Content starts

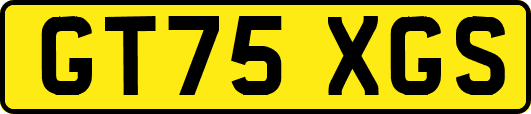 GT75XGS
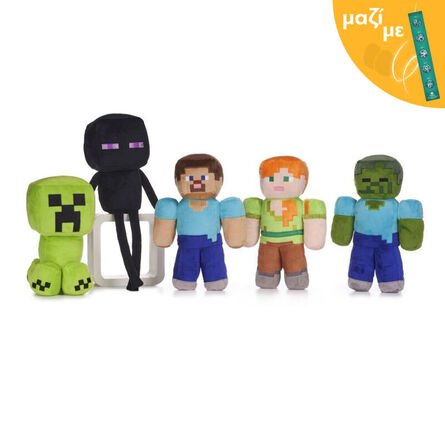 Minecraft Random Figure 2 1pc Random Pick Along with an Easter Candle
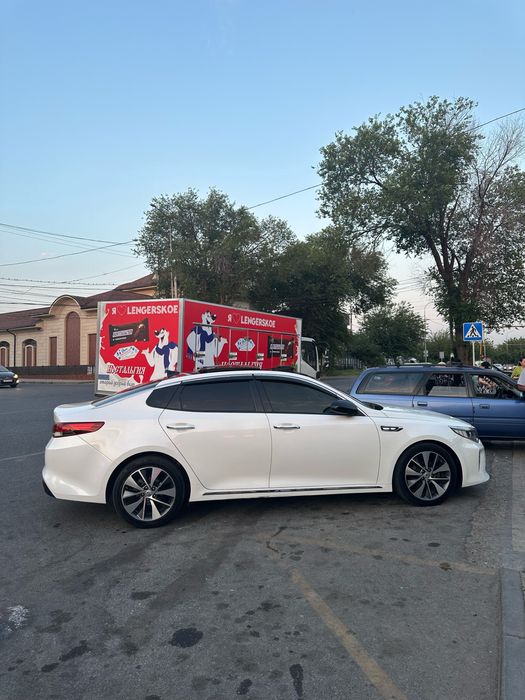 Шторки Kia K5 2016/2020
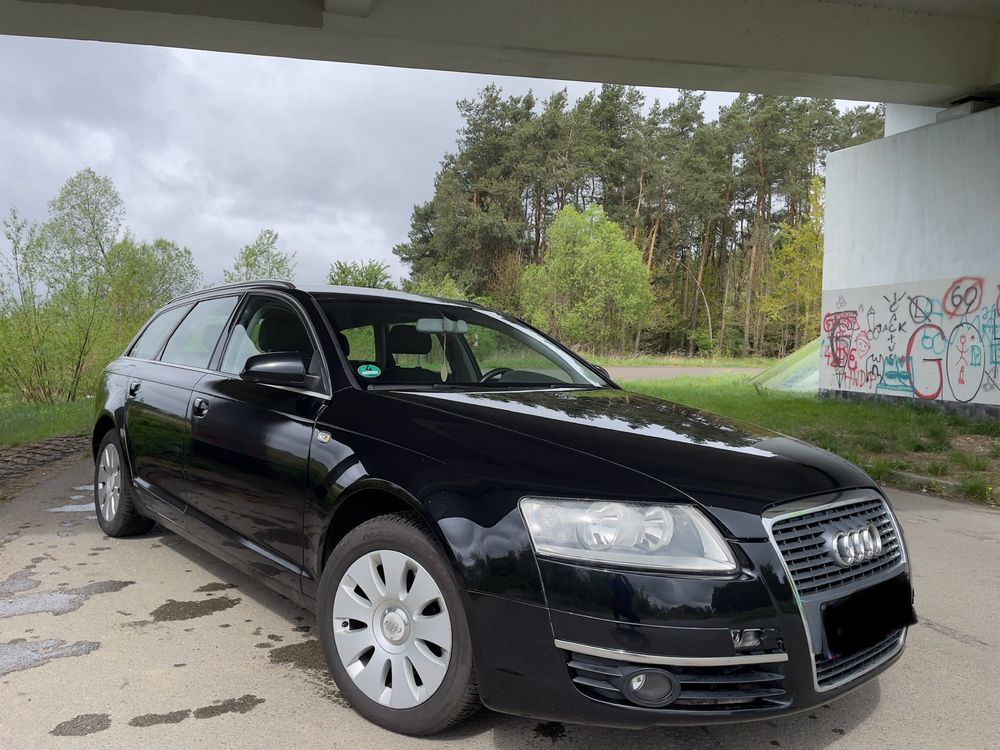 Audi A6 C6 Avant 2.0 TDI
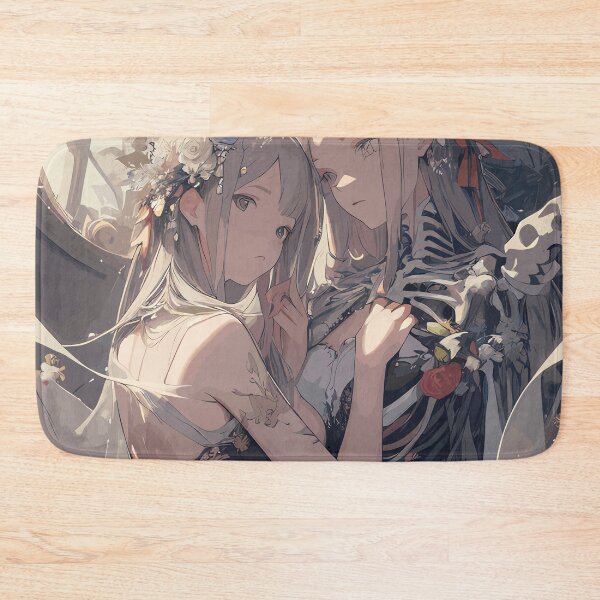 Item preview, Bones and Botany - Anime Girls #5 designed and sold by lifeistemporary.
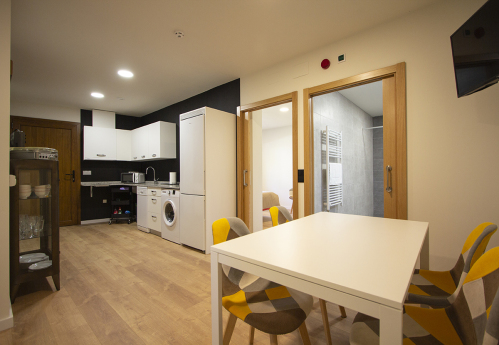 cocina adaptada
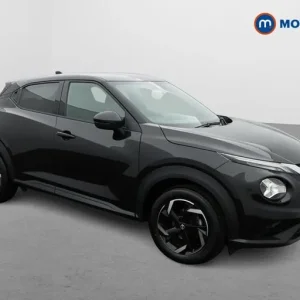 2023 Nissan Juke 1.0 DiG-T 114 N-Connecta 5dr SUV Petrol Manual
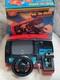 Rare 1985 Unimax Fun-to-drive Battery Operated Dashboard Racing Game In Box Work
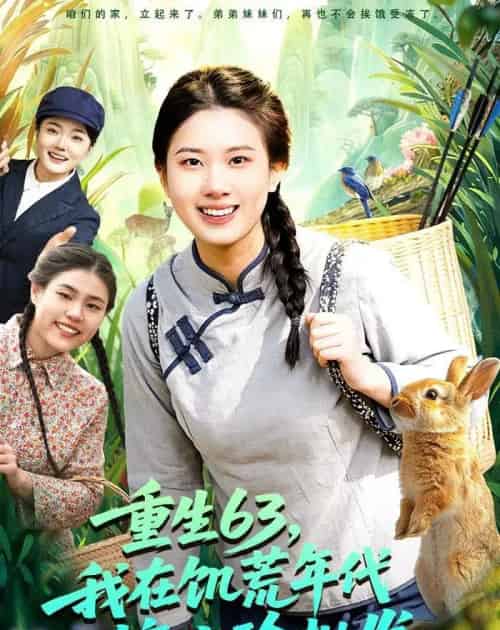 重生63，我在饥荒年代搞山珍批发（75集全）邢乐＆萧禾-海之城短剧项目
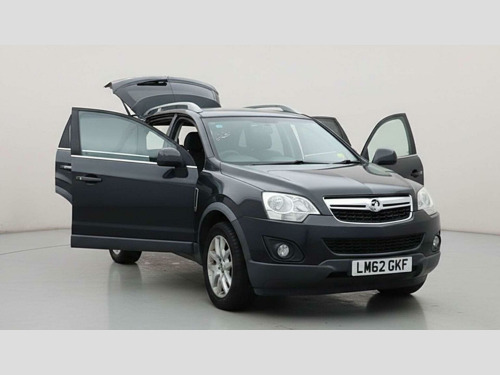 Vauxhall Antara  2.2 CDTi Exclusiv 4WD Euro 5 (s/s) 5dr 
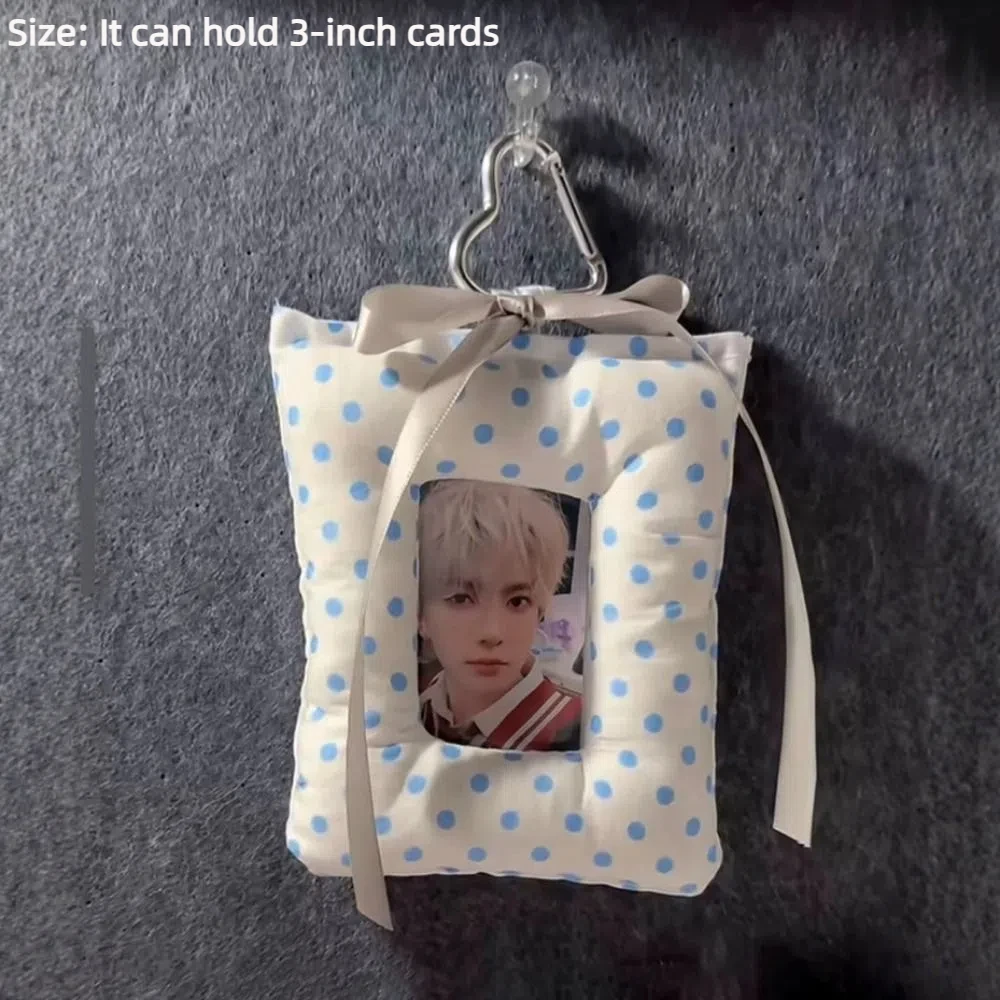 جديد الكرتون حامل بطاقة الصور المعبود صور الغطاء الواقي حقيبة قلادة أفخم Photocard حالة لطيف Photocard حالة لمحبي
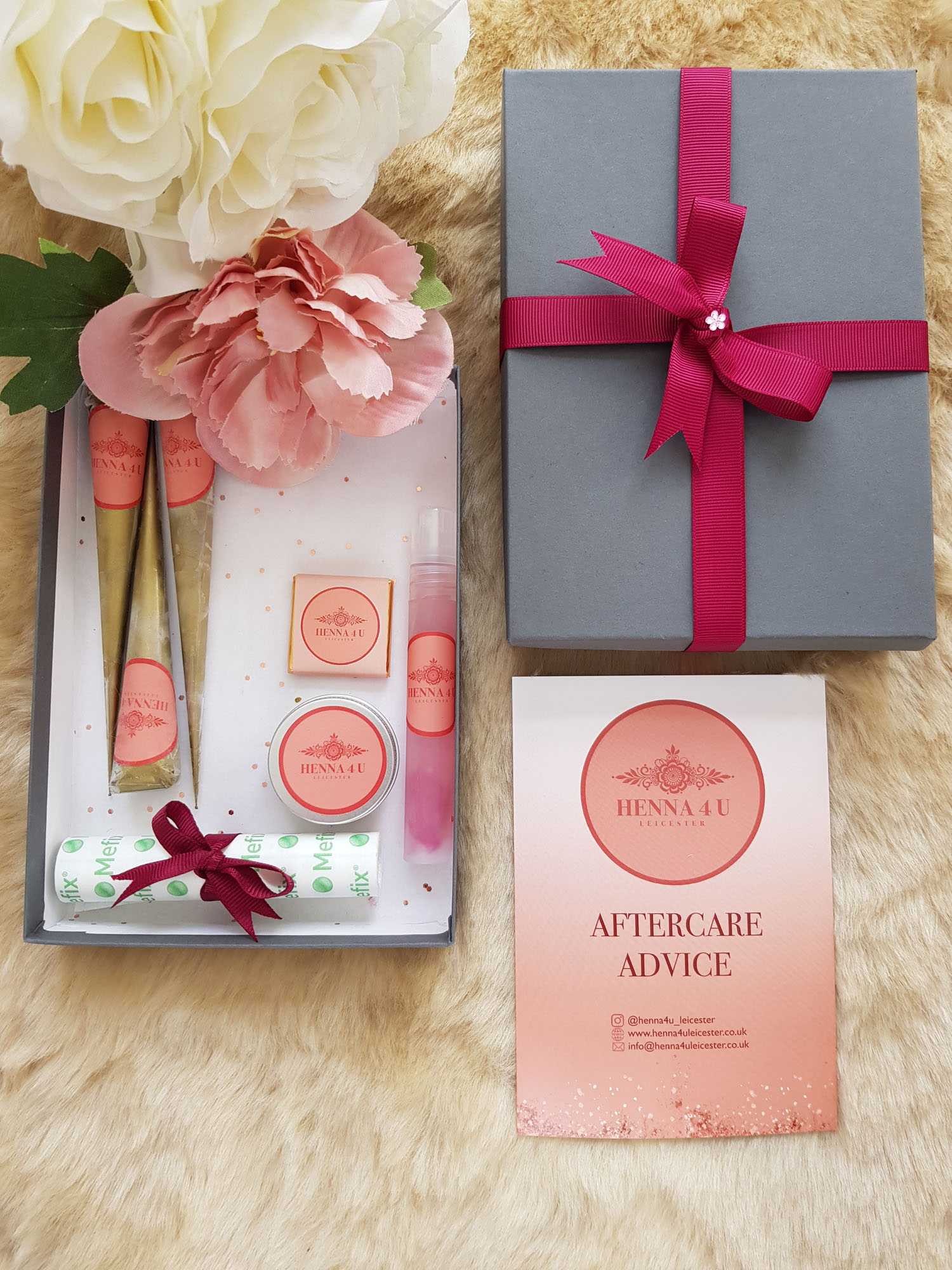 The Bridal Gift Box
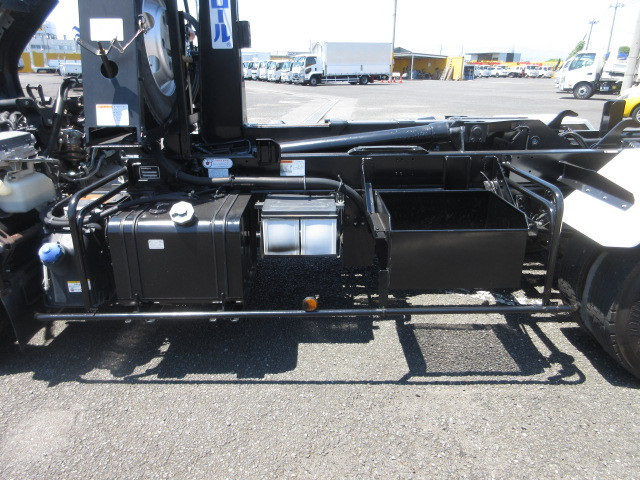 Isuzu forward Middle Arm roll trucks 2RG-FRR90S2(90314) 38枚目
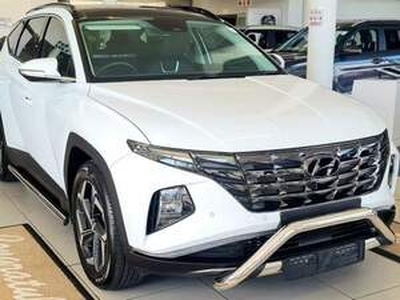Hyundai Tucson 2022, Automatic, 2 litres - Pretoria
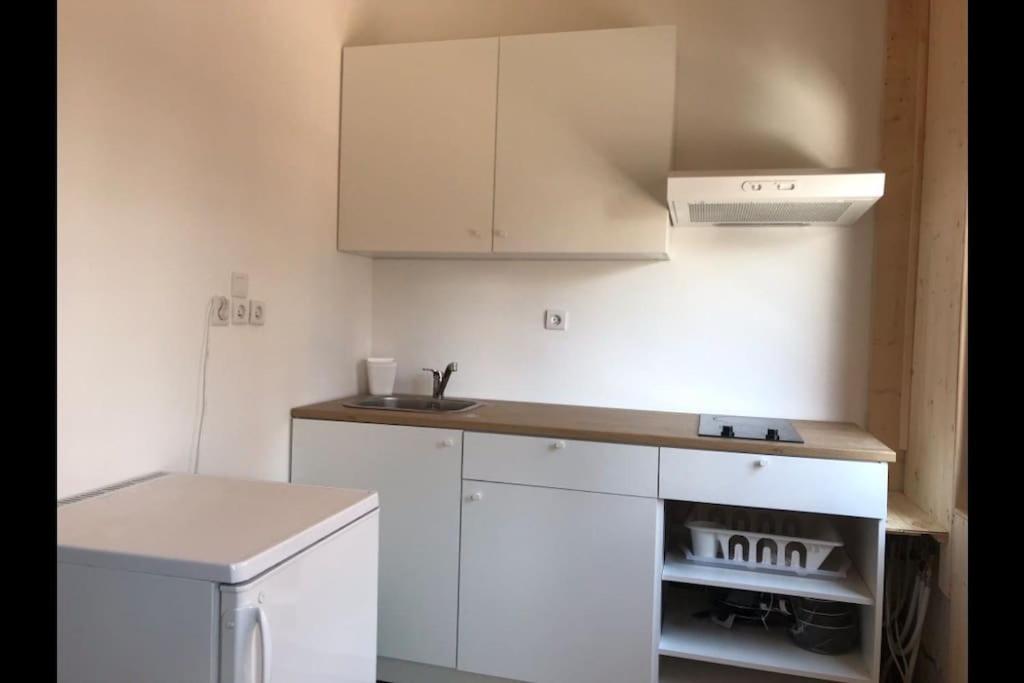 Zdjęcie z galerii obiektu Super petit studio, à la plage w mieście Dunkierka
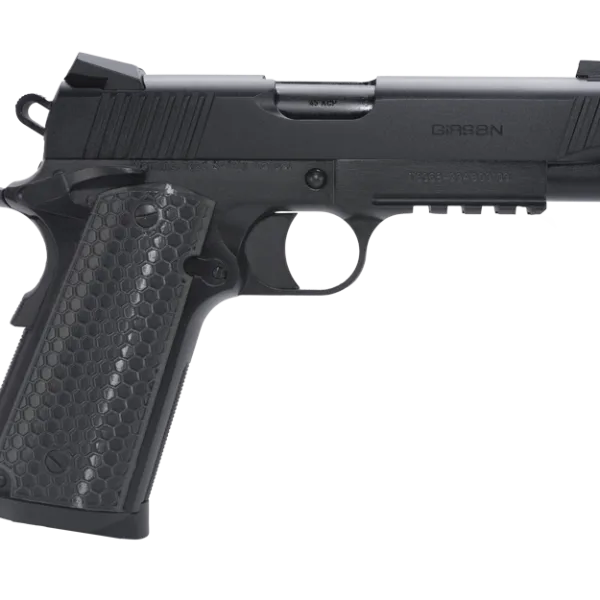 EAA CORP UNTOUCHABLE 45ACP BLACK 4.4"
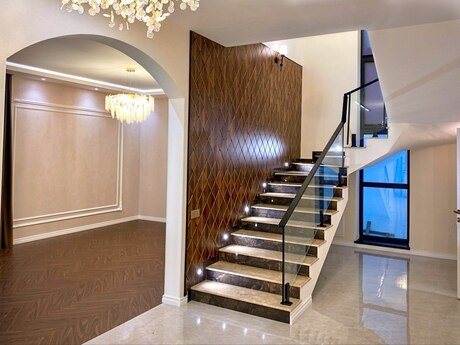 5-комн. дом/дача - пос. Мардакан - 220 м²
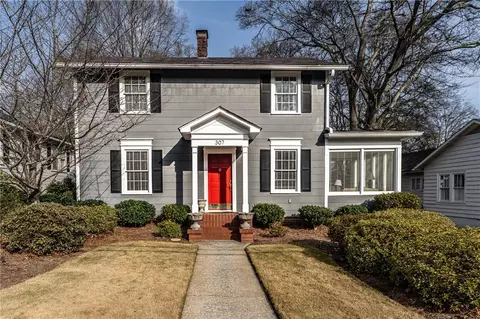 307 E 11th St E, Rome, GA 30161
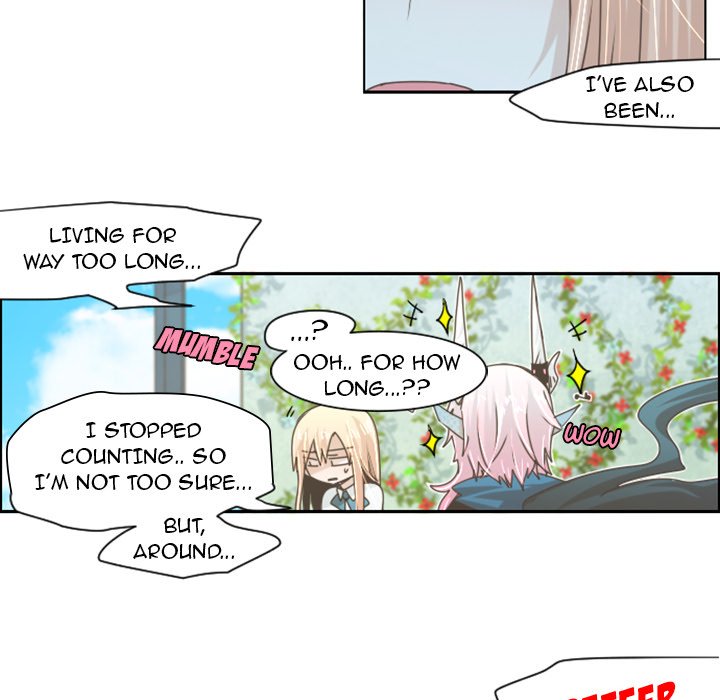 Go Away Mr Demon chapter 43 page 8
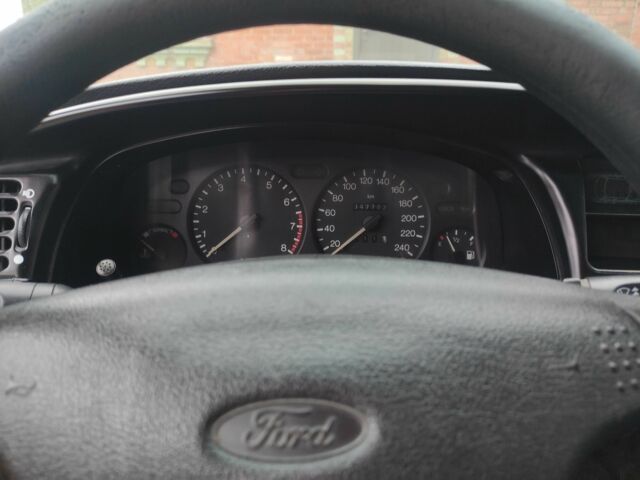 Синій Форд Мондео, об'ємом двигуна 2 л та пробігом 347 тис. км за 2300 $, фото 14 на Automoto.ua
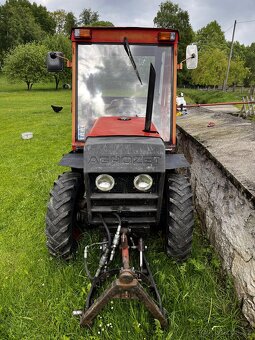 Malotraktor MT8-050 - 6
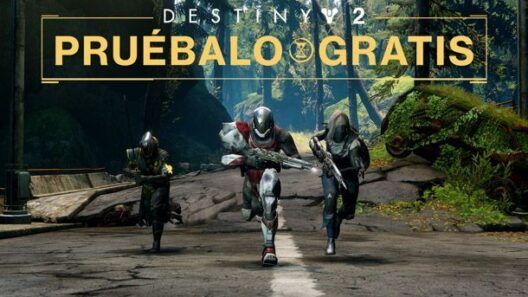 Destiny 2 Prueba Gratuita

Content ends

> _YOUR TASK_:
Line by line, reproduce exactly the lines from the one containing "5-комн. дом/дача - пос. Мардакан - 220 м²" through the final line of the material, both included, leaving every picture out.

> _ANSWER FOR THE TASK_:
 5-комн. дом/дача - пос. Мардакан - 220 м²
 307 E 11th St E, Rome, GA 30161
 Go Away Mr Demon chapter 43 page 8
 Синій Форд Мондео, об'ємом двигуна 2 л та пробігом 347 тис. км за 2300 $, фото 14 на Automoto.ua
 Malotraktor MT8-050 - 6
 Destiny 2 Prueba Gratuita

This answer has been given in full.